Семён Семёнович встал и вышел из кухни. Через минуту он вернулся с мокрыми бумагами в пластиковом пакете. Он вынул перепачканные уличной грязью листки и сразу увидел требуемое: простой лист с парой чёрных полос маркера и несколько расплывшихся синих штампов исполнения.

Александр Фёдорович потянулся к документу, но Семён Семёнович резко потянул его к себе и подмокший лист, успевший прилипнуть к пластику кухонного стола порвался на две части, большая из которых осталась в его руках, а меньшая досталась Александру Фёдоровичу. Семён Семёнович увидел, как уверенное до этого момента лицо его визави опустилось, как опускается кожа на лице летчика под большой перегрузкой. Это длилось несколько долей секунды, потом всё вернулось обратно. Кожа прошла путь от мертвенно бледного до свекольно-бордового. Александр Фёдорович шумно сглотнул, закалялся от попавшей в дыхательное горло слюны и вытер выступившие на глазах слёзы.
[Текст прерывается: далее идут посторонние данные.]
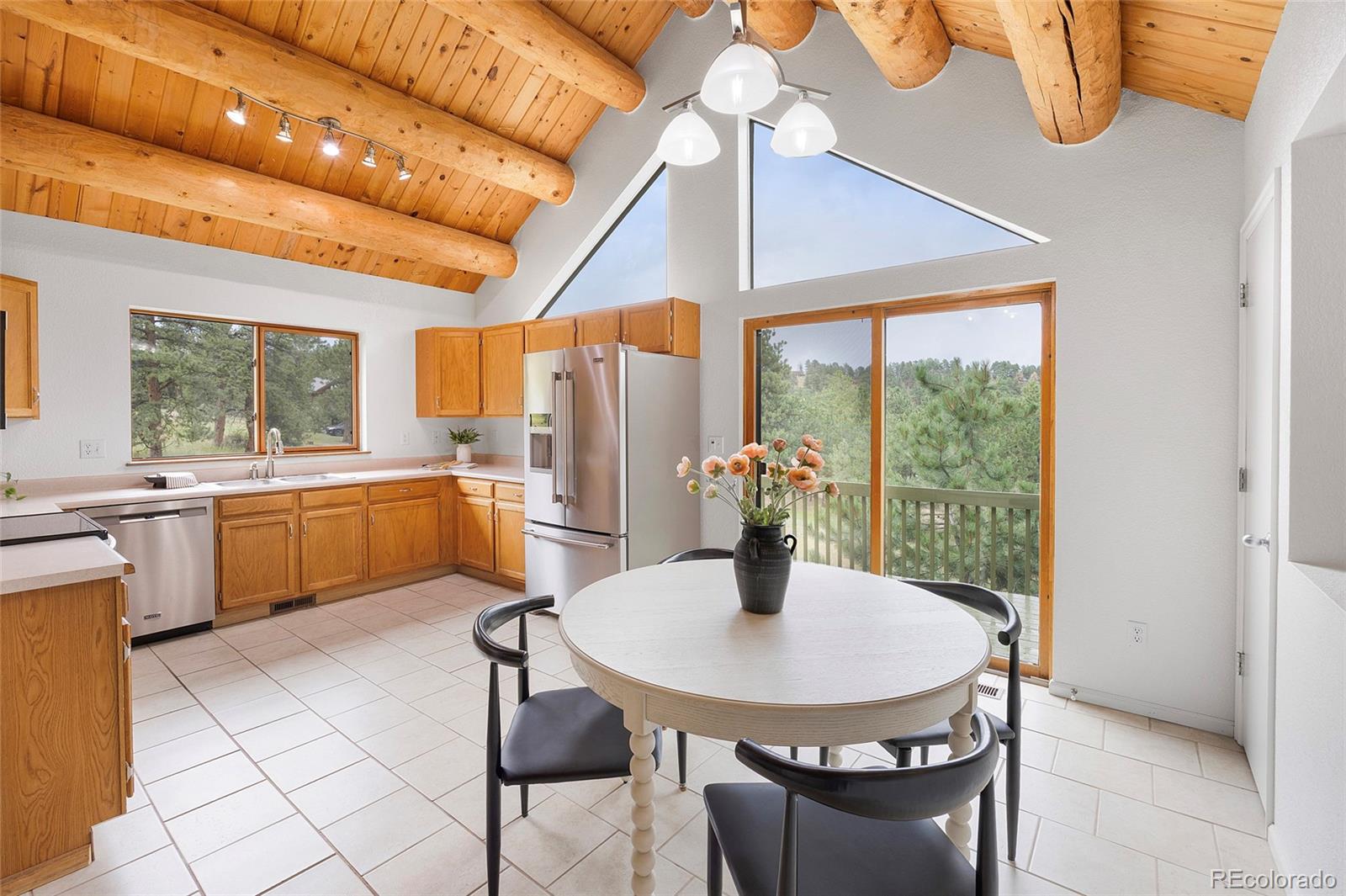 MLS Image #6 for 478  chickadee lane,bailey, Colorado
Первым очнулся Семён Семёнович, протянувший Александру Фёдоровичу обрывок. Случилось что-то непоправимое.

— Э-э-э-э… Подклеим?

— Не важно. Давайте…

Александр Фёдорович взял лист, сложил на столе две половинки, вдохнул, вытащил из портфеля одну из папок немного полистал и вложил обе половинки на положенное им место.

— А как он мог выпасть?

— А он и не должен был выпадывать, просто кто-то взял его рассмотреть и не успел положить на место.

— И что теперь будет?

— Что-нибудь да будет. Ладно, я пойду.

Александр Фёдорович встал, тщательно осмотрел свои брюки и рукава плаща, ободрал оставшиеся кое-где обрывки скотча, с некоторым сомнением посмотрел на перепачканные кровью рубашку, галстук и плащ. Шагнул к мойке, выбросил мусор в ведро, сгрёб и сунул в портфель две лежавшие на столе папке и пошел к выходу.

— Александр Фёдорович, может плащ постираем, почистим костюм? Я вам рубашку дам и галстук… А кстати, кто за меня отвечает на работе?

— За вас? А меня вы не спрашивали?

— Нет…

Александр Фёдорович по дороге остановился у двери в комнату и показал пальцем куда-то вглубь. Из коридора был виден эстамп картины Хокусая, висевший в головах у кровати.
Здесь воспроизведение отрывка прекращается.